I will always be happy to see queer stories on stage. No matter what shape they take, they are defying the norms of heterosexuality or cisnormativity, and that continues to make me lean in for more. Mating in Captivity had the potential for a beautiful queer story, inside the captivity of Annie and Rob’s heterosexual relationship and their one-bedroom apartment. Page, writer and director, presents a somewhat time old awkward interaction, over one very long night.

What happens when your current partner meets your ex? What’s the protocol? What’s off limits? Should you do MDMA together? All vital questions that plague Rob, Annie, and Jacob throughout the play. Even though the play is set in a one-bedroom apartment, it contains a high level of comic physicality, such as Annie chasing Jacob around the room saying “Look at my tits!
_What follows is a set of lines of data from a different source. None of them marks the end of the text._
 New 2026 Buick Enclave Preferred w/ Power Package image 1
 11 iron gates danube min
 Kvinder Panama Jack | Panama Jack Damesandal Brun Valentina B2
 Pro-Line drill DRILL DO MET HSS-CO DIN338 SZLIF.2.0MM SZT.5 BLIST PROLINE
What do you think of them?” I was impressed with the actor’s commitment to this element of the storytelling and wish them luck for the nights that go on, it just wouldn’t be the same without it. The play largely touched on themes around sexuality and attraction, but at its heart it has some very soft and emotional themes around intimacy, love, and what happens to them over time. Page’s actors presented these complexities perfectly, every one of them giving their all on stage.
Page has written some great jokes — mostly about sex — into this play. All the characters jest with one another about sexual conduct throughout the play. Some will say these kinds of jokes are easy to get laughs off, but sometimes that’s just what you need to contrast with raw emotional depths being presented on stage, even the subtextual ones, in this case. Shout out the stage designer for making the flat number “69”.
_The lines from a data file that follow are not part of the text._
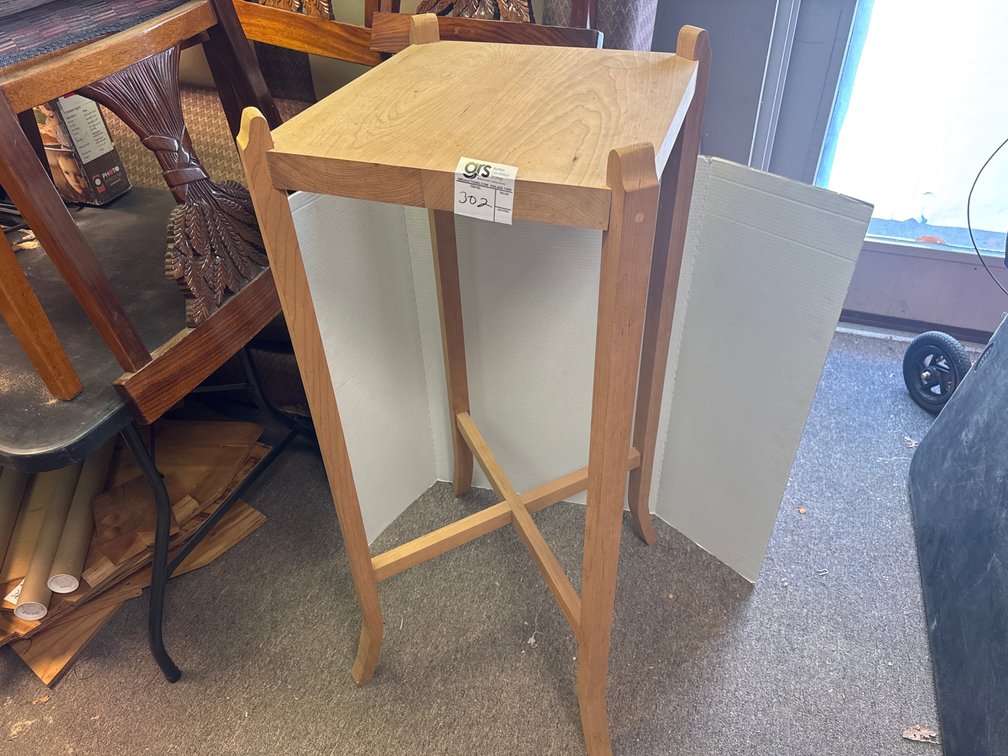 Image for Master Craftsman Coulter Smith Workshop – Auction 2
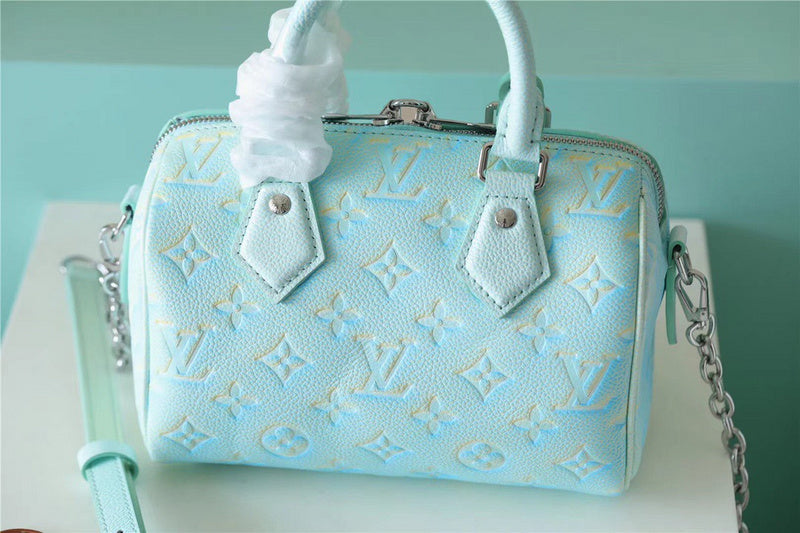 Amelia- Lu-Vi bags - 6978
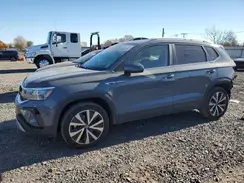 3VVEX7B26RM057016 2024 VOLKSWAGEN TAOS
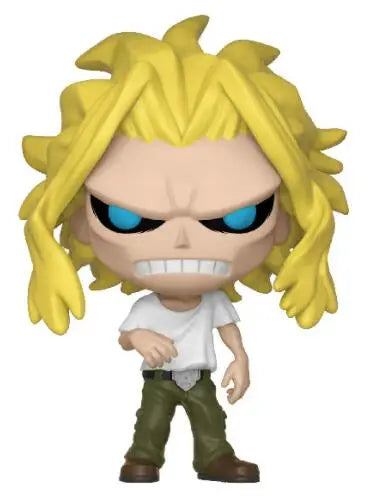 Pop All Might - My Hero Academia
If you’re putting on a gay play, I want you to go all the way. I want my identity to be affirmed to hell and back. Mating in Captivity sits on the edges of this but left me wanting for much more. The Bats websites says about the play: “The year’s wildest, wittiest whirlwind of a love battle… Outrageously racy… Sparkling… Gay!” (His Girl Friday, 1940) Well, a bit gay. It’s complicated.” And it was a bit gay. But it felt like the heterosexual’s version of a gay play. Rob’s queer experience was something hidden away in his past, that his partner didn’t know about. The fact one of his exes was a man, rather than all being women, like Annie assumed, caused tension between the two of them. My kind of queer theatre is where we get to live out our queerest dreams on stage. Forget the reality of where we are in society and be free for an evening.
I feel that Mating in Captivity reflected a common and almost banal experience many queer people go through. This is okay though! It stills gets people thinking, laughing together, and all in all addressing their own internal bias. Which, in my opinion, is the best thing you can want from an audience. Plus, the story being presented is a very real one for many people, and I think that’s important to note.
If you drink, I imagine this play would go along nicely with your chosen alcoholic beverage and few a friends — definitely not ideal for a first date. Page knows how to make his jokes hit, and his actors know how to serve them. I would have liked to feel more satisfied at the end, not left with more questions about who wants who, but I think it’s easiest if I put them to bed for myself, and just imagine the romantic queer ending I was after.